By Doug Hitchcox July 14, 2022
Ovenbird Seiurus aurocapilla

The second annual Big Atlas Weekend was a huge success! It brought together 1,239 atlasers in six states and provinces (Maine, Maryland-DC, North Carolina, New York, Ontario, and Newfoundland) who submitted 46,132 breeding records and 5,273 checklists.

AND…we are thrilled to announce that Maine successfully defended our title and emerged victorious!

Way to keep the Canary Cup in Maine another year!

A huge thank you to everyone who participated in the Big Atlas Weekend! Maine truly has the BEST volunteers! Most importantly, your efforts over the Big Atlas Weekend helped get us closer to completing the Atlas and will have lasting impacts for bird conservation in Maine!

Achievements in ME

Maine atlasers are absolutely amazing! Defending our title from last year, we had a lot of experienced atlasers putting their skills to work, while hundreds of new volunteers are just getting hooked. Here are some of the achievements from the second Big Atlas Weekend.

  • 200 atlasers participated
  • 537 blocks were visited
  • 930 hours atlased (38 nocturnal)
  • 1642 checklists submitted
  • 188 species coded
  • 14,218 breeding records submitted

Map of checklists submitted over the two-day competition weekend.

Participation by Atlas Project

Everyone who participated received a free introductory bird identification course from the Bird Academy at the Cornell Lab of Ornithology.

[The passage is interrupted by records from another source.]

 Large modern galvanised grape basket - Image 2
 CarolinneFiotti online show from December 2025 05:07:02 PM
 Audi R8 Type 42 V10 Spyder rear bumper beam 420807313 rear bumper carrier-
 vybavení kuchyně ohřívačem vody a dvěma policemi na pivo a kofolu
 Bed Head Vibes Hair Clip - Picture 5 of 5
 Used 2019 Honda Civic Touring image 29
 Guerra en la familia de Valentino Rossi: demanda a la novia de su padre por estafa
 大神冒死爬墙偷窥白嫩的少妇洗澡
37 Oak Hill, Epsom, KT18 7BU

Big Atlas Weekend statistics by project

ME Challenge Winners

(we will be in touch soon with details about how to obtain your prizes)

Every participant in the Big Atlas Weekend is a winner! If you submitted even just one checklist over the weekend you will receive free access to Cornell’s “Be a Better Birder” course (a $29 value).

The winners of the statewide challenges receive an additional free course of their choosing from the Cornell Bird Academy as well as an Atlas swag bag. Winners were randomly selected from the top ten participants in each category.

  • Total Complete checklists – Karina Rathmel
  • New-to-User Blocks – Judy Roe
  • Incomplete/Low-effort Blocks Visited – Jeff Cherry
  • New Priority Species – Turk Duddy and Linda Woodard
  • New Coded Species – Magill Weber
  • Nocturnal Checklists – Kate Weatherby
  • Most Valuable Atlaser – Ashlee Duff
    • Ashlee ranked in the top ten in four of the six above categories, submitted 52 checklists from 24 incomplete blocks, added breeding codes for 39 new species in those blocks, and visited seven new-to-her blocks. Way to go!